• TRY IT: After locating the line with "Neon Chaos Demon" below, output it and each following line exactly, stopping after the line with "Terracotta Ship & Sun Happy Birthday Card". No pictures.

• DATA UNDER STUDY:
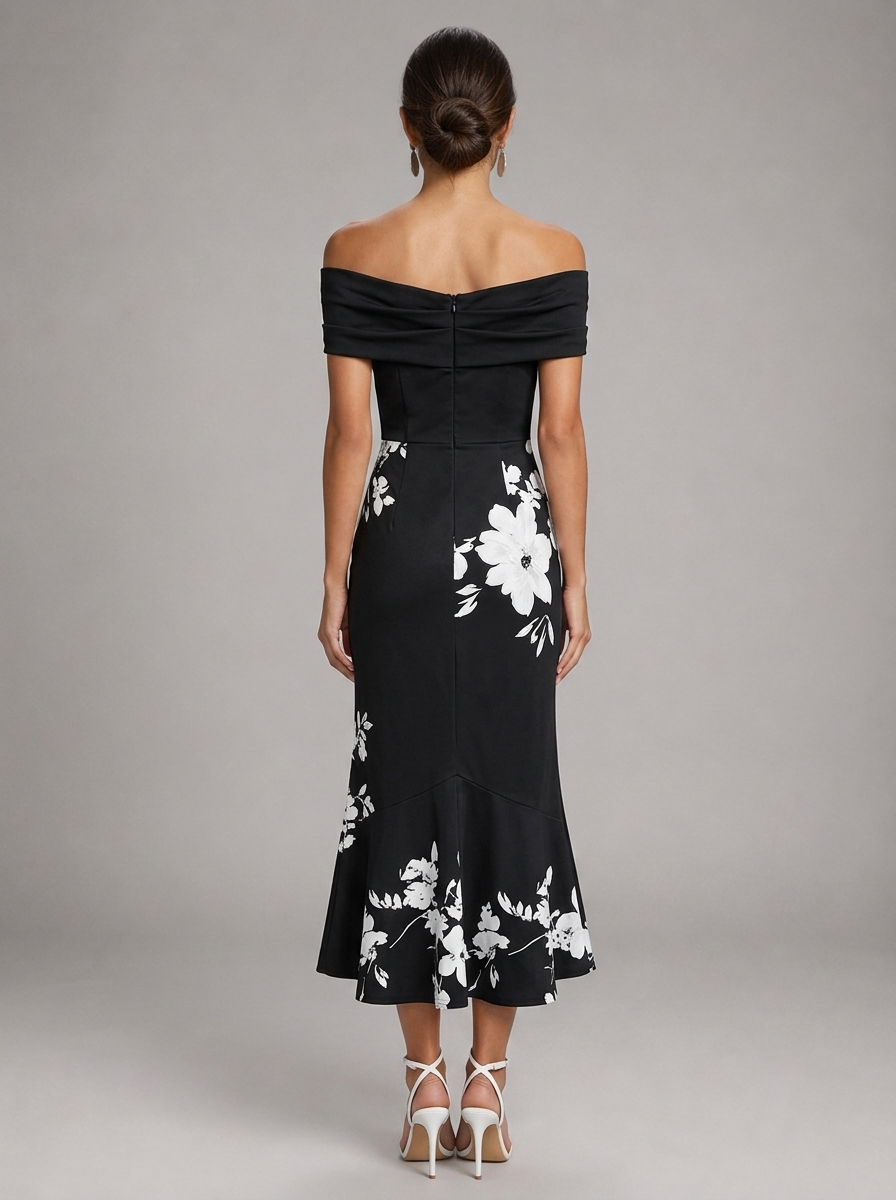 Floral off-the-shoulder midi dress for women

* * *

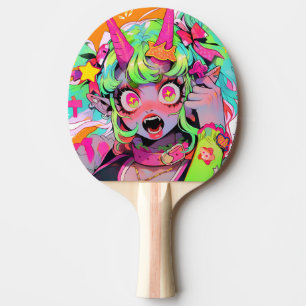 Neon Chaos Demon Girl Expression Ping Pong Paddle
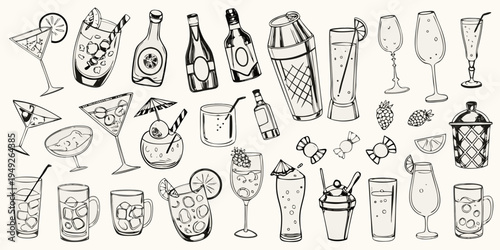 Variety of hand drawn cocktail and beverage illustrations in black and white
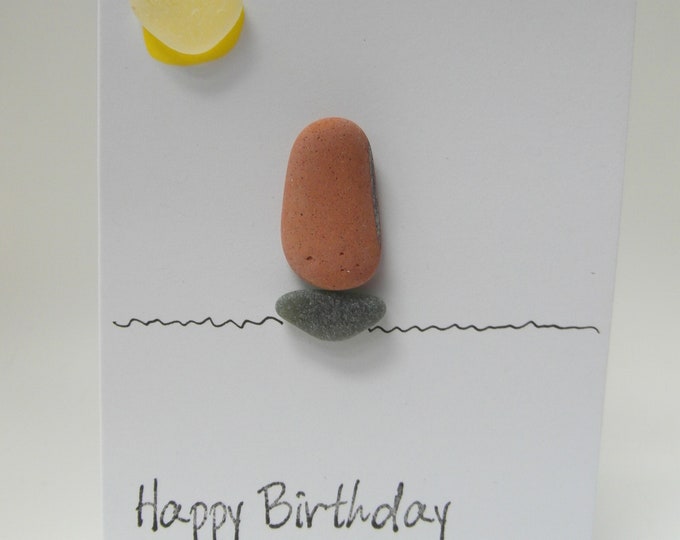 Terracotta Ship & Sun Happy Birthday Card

• FINISHED EXERCISE:
 Neon Chaos Demon Girl Expression Ping Pong Paddle
 Variety of hand drawn cocktail and beverage illustrations in black and white
 Terracotta Ship & Sun Happy Birthday Card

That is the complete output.